Stats are deceiving.
A simple look at yards per rush, would tell you that the USC Trojans give up 3.48 yards per rush, a number good for 26th in the country. Comparatively, the Oregon Ducks give up 3.73 yards per rush, which is good for 43rd in the country. Conventional wisdom would tell you that the Trojans have a better run defense than the Ducks. Yet, as Kalon pointed out earlier today, the advanced stats, in this case S&P+, rank USC 60th against the run and Oregon 5th.
This is largely because of how S&P+ weights the statistics. USC held Hawaii--105th in the nation in rushing--to 1.8 yards per carry in a game that was over early (S&P+ discredits garbage time stats). Its not a coincidence that SC has faced five teams that rank 85th or worse in yards per rush--and have held all of those to a 3.4 yard average or less. The two competent rushing teams SC has played have both exceeded their season averages against SC. Stanford, with a season average of 4.3 ypc, rushed for 5.5 against SC. Arizona outperformed theirs as well, by a margin of 5.1-4.8. Its not surprise that USC lost both of those games, and both are weighed heavily by S&P+, as they were both close games where starters played the whole way. Oregon is ranked #1 in the country at 6.18 yards per rush.

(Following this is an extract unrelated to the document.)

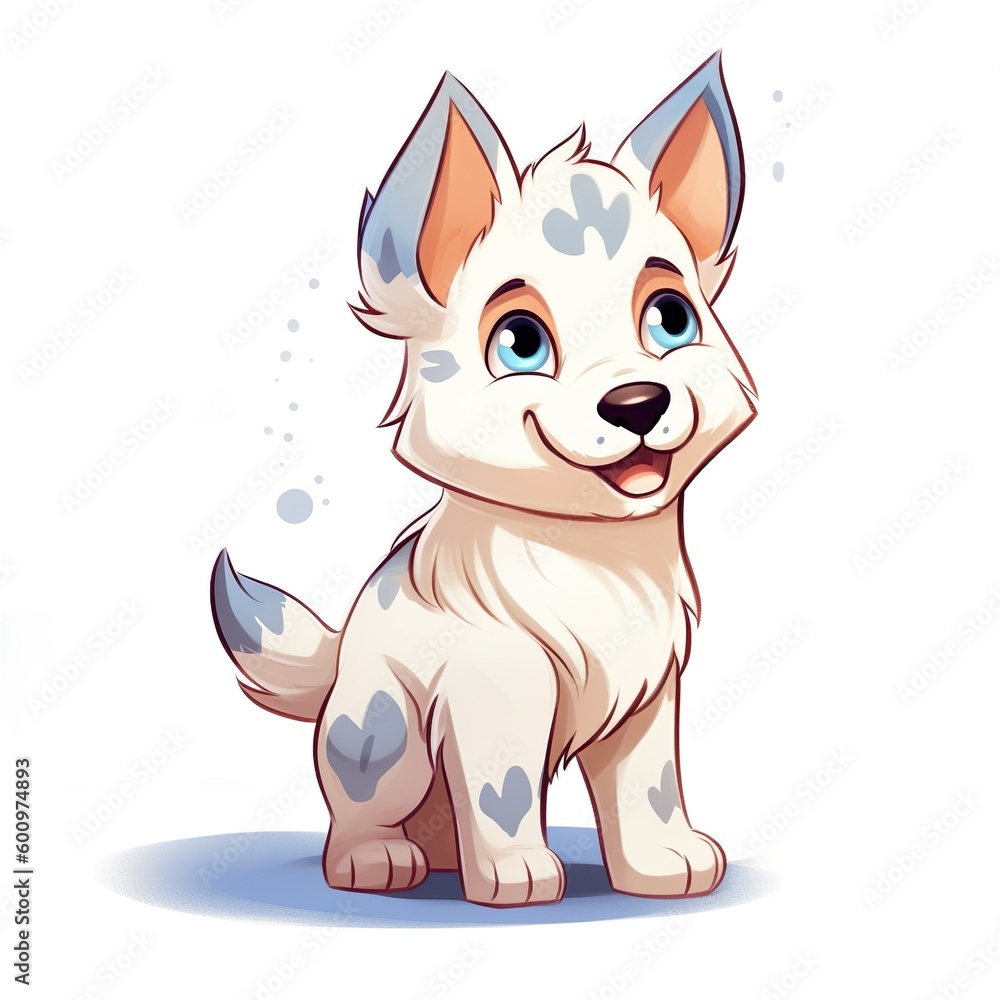 Cute smiling dog illustration art made with generative AI technology Cute smiling dog illustration art made with generative AI technology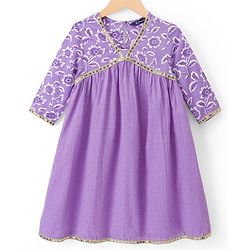 Pine Kids Rayon Woven Full Sleeves Floral Printed & Sequinned Kurta & Chudidar Set With Dupatta - Purple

Meanwhile, Oregon's defensive ypc stats are skewed slightly by the Arkansas State performance--ASU rushed for 6.1 yards per carry, but that game was over after a quarter and the Red Wolves faced mostly backups and walkons in their first action for the bulk of that game. The same could be said of the Colorado game, where the Ducks gave up 4.5 yards per rush. S&P+ throws a lot of that out as being irrelevant. Look at the two games where the starters had to play into the third quarter: Arizona, with their 4.8 ypc mark on the season, was held to 2.8 yards per carry in Eugene. Washington State, which is the worst rushing offense in the country at a woeful 1.6 ypc, was still held two yards below that by the Oregon starters, averaging -0.4 ypc against the Ducks.
Competent running teams can, and have run on the Trojans, and there is no team more competent at running the football than Oregon. We saw what trouble Arizona gave USC last weekend--not just Kadeem Carey, but Matt Scott as well. Well, as Stuart Mandel tweeted, Oregon's offense is Arizona's perfected. Oh yeah, the Ducks have a better defense than the 'Cats, too.

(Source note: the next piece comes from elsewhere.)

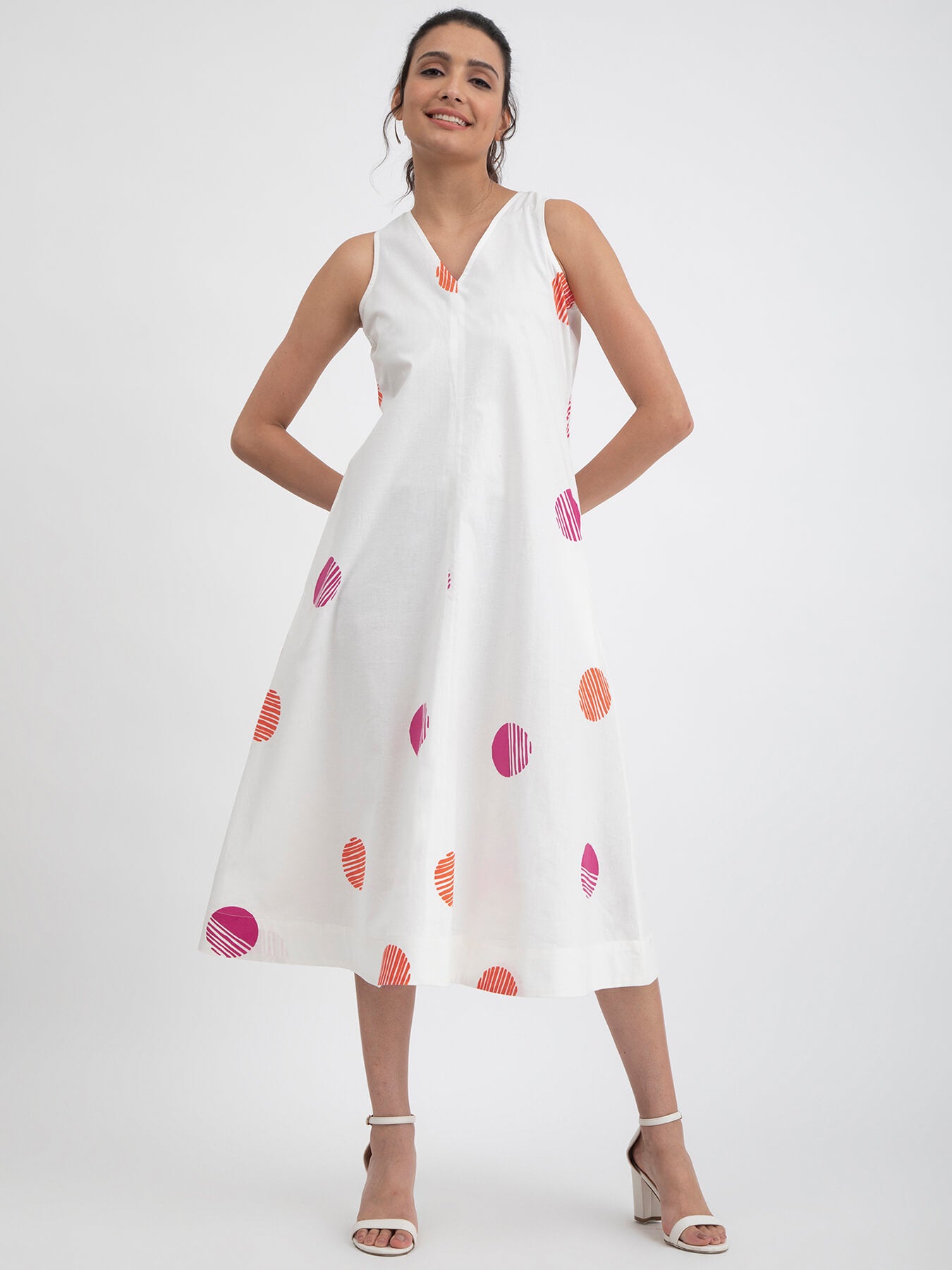 Sleeveless Cotton Poplin Polka Dress - White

USC's defense is very aggressive (8th in sacks, 22nd in TFL), and tied with Oregon for 4th in turnovers. Oregon can be a turnover prone team offensively, and a rash of turnovers could prove to be the great equalizer, so they must be avoided. But aggression can often backfire against Oregon given the inherent deception in the offense, so you may see a more conservative style in favor of staying home and making sure tackles.

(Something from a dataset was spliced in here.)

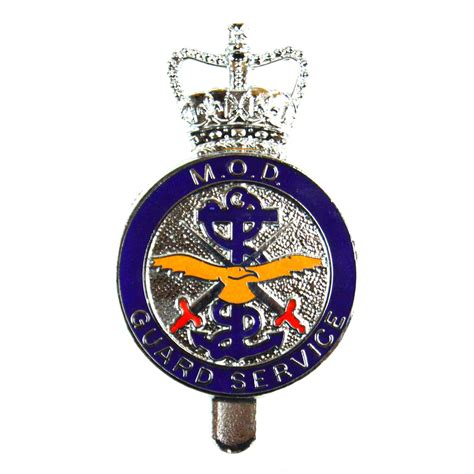 Mod Guard Service Queens Crown Cap Badge Enamelled And Nickel Plate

As we saw last season, USC has a small but speedy linebacking corps that was built to counter what Oregon does. Dion Bailey and Hayes Pullard played out of their minds in last year's contest, but were bolstered by a dominant defensive line that simply doesn't exist for the Trojans this season. And we saw that bear out against Arizona. Another factor is the mobile quarterback, as Matt Scott had 100 yards rushing against Arizona, and Marcus Mariota adds a running element that Darron Thomas didn't provide. However, Oregon has suffered major injuries on the offensive line (Carson York, Mana Grieg), and also have guys like Ryan Clanton and Kyle Long battling injuries.
Last season, Oregon's offensive line was unable to consistently win the line of scrimmage, and it allowed USC to roll out to a big lead that they held on to. This year's Trojan line doesn't have the experience, or the depth, that made such a difference last season, and the few adequate rushing teams they have played have made them pay. The Ducks' offensive line doesn't have to be outstanding, they need to be merely adequate and the Ducks offense should be able to put up plenty of points.